TOM W. BLACKBURN – Short Grass. Simon & Schuster, hardcover, 1947. Paperback reprints include: Bantam 207, November 1948; Bantam 1164, September 1953, Dell 7980, April 1973; Dell 17980, June 1979.

   For no good reason I can think of, Tom Blackburn (1913–1992) is not included in the second edition of 20th Century Western Writers, and he should be. I am surprised that he is not. He was a prolific writer of westerns for the pulps, hardcovers, paperbacks, movies and a number of 50s and 60s TV series. His career began perhaps with “Wagontongue’s Last Town-Tamer” which appears in Star Western, February 1940, his earliest entry in the online FictionMags Index.

   His wikipedia entry appears here, where you will learn that he may be best remembered as the person who wrote the lyrics to “The Ballad of Davy Crockett.” Among several other TV series he wrote for are Maverick, Bronco, and Daniel Boone. It’s quite a résumé.

TOM W. BLACKBURN Short Grass

   And as a western, Short Grass is quite a novel, impressive in both its exposition and impact, with (in my opinion) as much emphasis on “novel” as “western,” and perhaps more. It starts out in flurry of action, and it barely ever lets up – perhaps only in the middle, with an ending that if properly filmed, would be a humdinger of a movie. (I’ll get back to this shortly.)

   Steve Llewellyn is the primary protagonist, a wandering cowpoke – if not gunman, a drifter whose past we never learn much about – and an innocent bystander, if you will, who gets caught up in a shooting incident in a saloon between two other fellows. He’s wounded and – we’ve read this before – is soon found by a woman who takes him home to recover.
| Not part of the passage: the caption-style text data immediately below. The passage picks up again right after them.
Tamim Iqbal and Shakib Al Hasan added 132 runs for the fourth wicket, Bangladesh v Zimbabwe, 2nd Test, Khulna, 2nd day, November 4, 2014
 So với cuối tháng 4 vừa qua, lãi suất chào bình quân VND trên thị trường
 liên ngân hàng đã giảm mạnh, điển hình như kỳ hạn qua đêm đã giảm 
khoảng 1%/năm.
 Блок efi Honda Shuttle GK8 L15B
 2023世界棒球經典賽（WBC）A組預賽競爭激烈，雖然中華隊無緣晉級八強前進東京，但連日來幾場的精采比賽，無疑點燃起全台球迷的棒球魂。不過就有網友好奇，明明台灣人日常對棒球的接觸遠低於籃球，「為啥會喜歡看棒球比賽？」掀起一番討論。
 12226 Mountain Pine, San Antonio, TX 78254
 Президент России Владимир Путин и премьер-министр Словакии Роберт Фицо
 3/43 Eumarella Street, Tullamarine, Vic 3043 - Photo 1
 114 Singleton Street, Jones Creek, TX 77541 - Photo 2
TOM W. BLACKBURN Short Grass

   Things happen fast in this book. Other westerns may draw the next step out for any number of chapters, but Steve doesn’t wait nearly that long. He kisses Sharon Lynch on page 36, and in the Dell paperback I read, there still are almost 200 pages yet to come. The course of romance does not come easily, though. Steve believes in the use of his gun. Sharon does not. She does believe violence is the solution to anything. Not a good combination, and once she sees what Steve is capable of, she rejects him, and they part.

   As a synopsis, this is too short and far too easy. The two are adults, and their behavior, their thoughts, their actions, their problems, are those of adults. When they meet later, in Kansas, not Texas, five years have passed, Steve has become a homesteader, Sharon has remarried (to a man too weak for her) and the local marshal (Ord Keown) has an eye on her.

TOM W. BLACKBURN Short Grass

   Besides the complications a love triangle (well, yes, a quadrangle) can bring, the past that both Steve and Sharon have fled comes back to haunt them again in the form of rancher Hal Fenton. The latter is someone would not mind gaining some revenge as well as some open range for his cattle he and his men have brought up for market from Texas.

   This is a tale with several twists and turns in it, surprisingly so, but it is the people involved that make the story so memorable. These are real people with real problems, and this being a western, only violence, sudden death and a fast and bloody shootout at the end can salvage any hope for them – the ones who survive, that is.

   I suggested earlier that this movie would make a humdinger of a movie. I have not seen it yet, but I have it on order. The film that was made of this book is entitled Short Grass (Allied Artists, 1950), and the screenplay was written by none other than Mr. Blackburn himself. The names of the characters are the same, and the plot summary on IMDB suggests that very few changes were made. Rod Cameron stars as Llewellyn, Cathy Downs as Sharon Lynch, Johnny Mack Brown as Sheriff Ord Keown, with Morris Ankrum as Hal Fenton. I’ll report on my findings later. With stars like these, I’m hoping for the best.